[Data extracted from a collection]
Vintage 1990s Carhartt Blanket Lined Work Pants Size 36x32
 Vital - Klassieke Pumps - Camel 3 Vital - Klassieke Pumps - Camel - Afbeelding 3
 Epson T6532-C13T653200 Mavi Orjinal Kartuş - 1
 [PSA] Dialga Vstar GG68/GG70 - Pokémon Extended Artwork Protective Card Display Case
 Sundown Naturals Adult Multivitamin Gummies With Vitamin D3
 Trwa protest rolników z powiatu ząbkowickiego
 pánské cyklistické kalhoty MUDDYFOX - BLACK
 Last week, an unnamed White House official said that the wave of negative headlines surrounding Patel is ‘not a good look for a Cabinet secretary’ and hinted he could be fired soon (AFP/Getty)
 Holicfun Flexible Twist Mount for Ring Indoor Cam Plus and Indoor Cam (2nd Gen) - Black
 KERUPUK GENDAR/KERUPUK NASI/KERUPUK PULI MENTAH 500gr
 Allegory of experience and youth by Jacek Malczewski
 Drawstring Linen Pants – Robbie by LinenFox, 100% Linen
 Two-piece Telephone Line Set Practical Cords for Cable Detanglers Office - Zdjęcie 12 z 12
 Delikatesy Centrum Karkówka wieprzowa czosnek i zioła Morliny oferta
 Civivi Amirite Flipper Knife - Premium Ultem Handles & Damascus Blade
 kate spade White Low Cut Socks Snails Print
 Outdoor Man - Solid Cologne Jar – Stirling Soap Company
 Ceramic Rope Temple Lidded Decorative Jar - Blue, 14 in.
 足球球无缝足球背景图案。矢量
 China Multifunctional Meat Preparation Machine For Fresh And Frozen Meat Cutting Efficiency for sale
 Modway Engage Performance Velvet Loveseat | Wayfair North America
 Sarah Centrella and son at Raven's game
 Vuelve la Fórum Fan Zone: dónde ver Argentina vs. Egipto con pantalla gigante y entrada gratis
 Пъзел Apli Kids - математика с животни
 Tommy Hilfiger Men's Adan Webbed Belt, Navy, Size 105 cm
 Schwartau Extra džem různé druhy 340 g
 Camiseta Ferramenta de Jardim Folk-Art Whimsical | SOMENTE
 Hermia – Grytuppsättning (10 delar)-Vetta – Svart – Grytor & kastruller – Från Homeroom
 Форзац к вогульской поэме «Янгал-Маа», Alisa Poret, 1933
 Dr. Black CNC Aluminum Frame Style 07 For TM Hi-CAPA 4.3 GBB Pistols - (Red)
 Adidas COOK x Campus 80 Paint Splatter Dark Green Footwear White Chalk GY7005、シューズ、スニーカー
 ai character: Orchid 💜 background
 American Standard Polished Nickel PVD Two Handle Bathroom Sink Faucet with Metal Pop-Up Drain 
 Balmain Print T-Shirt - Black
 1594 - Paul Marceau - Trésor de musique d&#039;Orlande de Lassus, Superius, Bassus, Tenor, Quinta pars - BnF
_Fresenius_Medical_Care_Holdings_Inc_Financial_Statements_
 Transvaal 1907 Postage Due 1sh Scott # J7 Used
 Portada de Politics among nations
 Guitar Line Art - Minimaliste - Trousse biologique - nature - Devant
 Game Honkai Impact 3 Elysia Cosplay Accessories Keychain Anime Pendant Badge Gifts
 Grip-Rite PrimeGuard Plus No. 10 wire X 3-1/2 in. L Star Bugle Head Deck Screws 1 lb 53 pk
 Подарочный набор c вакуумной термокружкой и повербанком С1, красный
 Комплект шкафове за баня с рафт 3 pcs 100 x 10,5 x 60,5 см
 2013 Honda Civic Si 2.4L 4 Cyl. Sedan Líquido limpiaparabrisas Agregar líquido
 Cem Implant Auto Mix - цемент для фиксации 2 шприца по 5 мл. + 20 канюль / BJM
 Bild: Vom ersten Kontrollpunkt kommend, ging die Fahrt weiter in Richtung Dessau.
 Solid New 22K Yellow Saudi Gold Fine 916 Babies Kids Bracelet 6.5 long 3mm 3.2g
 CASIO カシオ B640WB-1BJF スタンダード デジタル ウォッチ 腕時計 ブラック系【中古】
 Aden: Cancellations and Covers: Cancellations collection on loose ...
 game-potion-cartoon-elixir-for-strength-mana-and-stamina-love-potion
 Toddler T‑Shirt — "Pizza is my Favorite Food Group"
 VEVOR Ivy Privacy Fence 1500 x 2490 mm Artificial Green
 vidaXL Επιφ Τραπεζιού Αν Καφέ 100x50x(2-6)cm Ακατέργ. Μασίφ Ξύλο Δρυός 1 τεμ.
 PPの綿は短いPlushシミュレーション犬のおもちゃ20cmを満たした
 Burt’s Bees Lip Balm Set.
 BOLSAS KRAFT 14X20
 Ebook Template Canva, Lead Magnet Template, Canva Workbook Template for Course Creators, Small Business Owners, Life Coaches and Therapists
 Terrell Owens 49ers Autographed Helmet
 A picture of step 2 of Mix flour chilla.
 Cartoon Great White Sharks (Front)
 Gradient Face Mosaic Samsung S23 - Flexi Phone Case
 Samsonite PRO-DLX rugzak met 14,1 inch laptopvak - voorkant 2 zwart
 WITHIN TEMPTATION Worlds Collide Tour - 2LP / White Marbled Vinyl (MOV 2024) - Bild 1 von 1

**What you are asked to do**
Go through the data above and copy all of it exactly.

**Solution**
Vintage 1990s Carhartt Blanket Lined Work Pants Size 36x32
 Vital - Klassieke Pumps - Camel 3 Vital - Klassieke Pumps - Camel - Afbeelding 3
 Epson T6532-C13T653200 Mavi Orjinal Kartuş - 1
 [PSA] Dialga Vstar GG68/GG70 - Pokémon Extended Artwork Protective Card Display Case
 Sundown Naturals Adult Multivitamin Gummies With Vitamin D3
 Trwa protest rolników z powiatu ząbkowickiego
 pánské cyklistické kalhoty MUDDYFOX - BLACK
 Last week, an unnamed White House official said that the wave of negative headlines surrounding Patel is ‘not a good look for a Cabinet secretary’ and hinted he could be fired soon (AFP/Getty)
 Holicfun Flexible Twist Mount for Ring Indoor Cam Plus and Indoor Cam (2nd Gen) - Black
 KERUPUK GENDAR/KERUPUK NASI/KERUPUK PULI MENTAH 500gr
 Allegory of experience and youth by Jacek Malczewski
 Drawstring Linen Pants – Robbie by LinenFox, 100% Linen
 Two-piece Telephone Line Set Practical Cords for Cable Detanglers Office - Zdjęcie 12 z 12
 Delikatesy Centrum Karkówka wieprzowa czosnek i zioła Morliny oferta
 Civivi Amirite Flipper Knife - Premium Ultem Handles & Damascus Blade
 kate spade White Low Cut Socks Snails Print
 Outdoor Man - Solid Cologne Jar – Stirling Soap Company
 Ceramic Rope Temple Lidded Decorative Jar - Blue, 14 in.
 足球球无缝足球背景图案。矢量
 China Multifunctional Meat Preparation Machine For Fresh And Frozen Meat Cutting Efficiency for sale
 Modway Engage Performance Velvet Loveseat | Wayfair North America
 Sarah Centrella and son at Raven's game
 Vuelve la Fórum Fan Zone: dónde ver Argentina vs. Egipto con pantalla gigante y entrada gratis
 Пъзел Apli Kids - математика с животни
 Tommy Hilfiger Men's Adan Webbed Belt, Navy, Size 105 cm
 Schwartau Extra džem různé druhy 340 g
 Camiseta Ferramenta de Jardim Folk-Art Whimsical | SOMENTE
 Hermia – Grytuppsättning (10 delar)-Vetta – Svart – Grytor & kastruller – Från Homeroom
 Форзац к вогульской поэме «Янгал-Маа», Alisa Poret, 1933
 Dr. Black CNC Aluminum Frame Style 07 For TM Hi-CAPA 4.3 GBB Pistols - (Red)
 Adidas COOK x Campus 80 Paint Splatter Dark Green Footwear White Chalk GY7005、シューズ、スニーカー
 ai character: Orchid 💜 background
 American Standard Polished Nickel PVD Two Handle Bathroom Sink Faucet with Metal Pop-Up Drain 
 Balmain Print T-Shirt - Black
 1594 - Paul Marceau - Trésor de musique d&#039;Orlande de Lassus, Superius, Bassus, Tenor, Quinta pars - BnF
_Fresenius_Medical_Care_Holdings_Inc_Financial_Statements_
 Transvaal 1907 Postage Due 1sh Scott # J7 Used
 Portada de Politics among nations
 Guitar Line Art - Minimaliste - Trousse biologique - nature - Devant
 Game Honkai Impact 3 Elysia Cosplay Accessories Keychain Anime Pendant Badge Gifts
 Grip-Rite PrimeGuard Plus No. 10 wire X 3-1/2 in. L Star Bugle Head Deck Screws 1 lb 53 pk
 Подарочный набор c вакуумной термокружкой и повербанком С1, красный
 Комплект шкафове за баня с рафт 3 pcs 100 x 10,5 x 60,5 см
 2013 Honda Civic Si 2.4L 4 Cyl. Sedan Líquido limpiaparabrisas Agregar líquido
 Cem Implant Auto Mix - цемент для фиксации 2 шприца по 5 мл. + 20 канюль / BJM
 Bild: Vom ersten Kontrollpunkt kommend, ging die Fahrt weiter in Richtung Dessau.
 Solid New 22K Yellow Saudi Gold Fine 916 Babies Kids Bracelet 6.5 long 3mm 3.2g
 CASIO カシオ B640WB-1BJF スタンダード デジタル ウォッチ 腕時計 ブラック系【中古】
 Aden: Cancellations and Covers: Cancellations collection on loose ...
 game-potion-cartoon-elixir-for-strength-mana-and-stamina-love-potion
 Toddler T‑Shirt — "Pizza is my Favorite Food Group"
 VEVOR Ivy Privacy Fence 1500 x 2490 mm Artificial Green
 vidaXL Επιφ Τραπεζιού Αν Καφέ 100x50x(2-6)cm Ακατέργ. Μασίφ Ξύλο Δρυός 1 τεμ.
 PPの綿は短いPlushシミュレーション犬のおもちゃ20cmを満たした
 Burt’s Bees Lip Balm Set.
 BOLSAS KRAFT 14X20
 Ebook Template Canva, Lead Magnet Template, Canva Workbook Template for Course Creators, Small Business Owners, Life Coaches and Therapists
 Terrell Owens 49ers Autographed Helmet
 A picture of step 2 of Mix flour chilla.
 Cartoon Great White Sharks (Front)
 Gradient Face Mosaic Samsung S23 - Flexi Phone Case
 Samsonite PRO-DLX rugzak met 14,1 inch laptopvak - voorkant 2 zwart
 WITHIN TEMPTATION Worlds Collide Tour - 2LP / White Marbled Vinyl (MOV 2024) - Bild 1 von 1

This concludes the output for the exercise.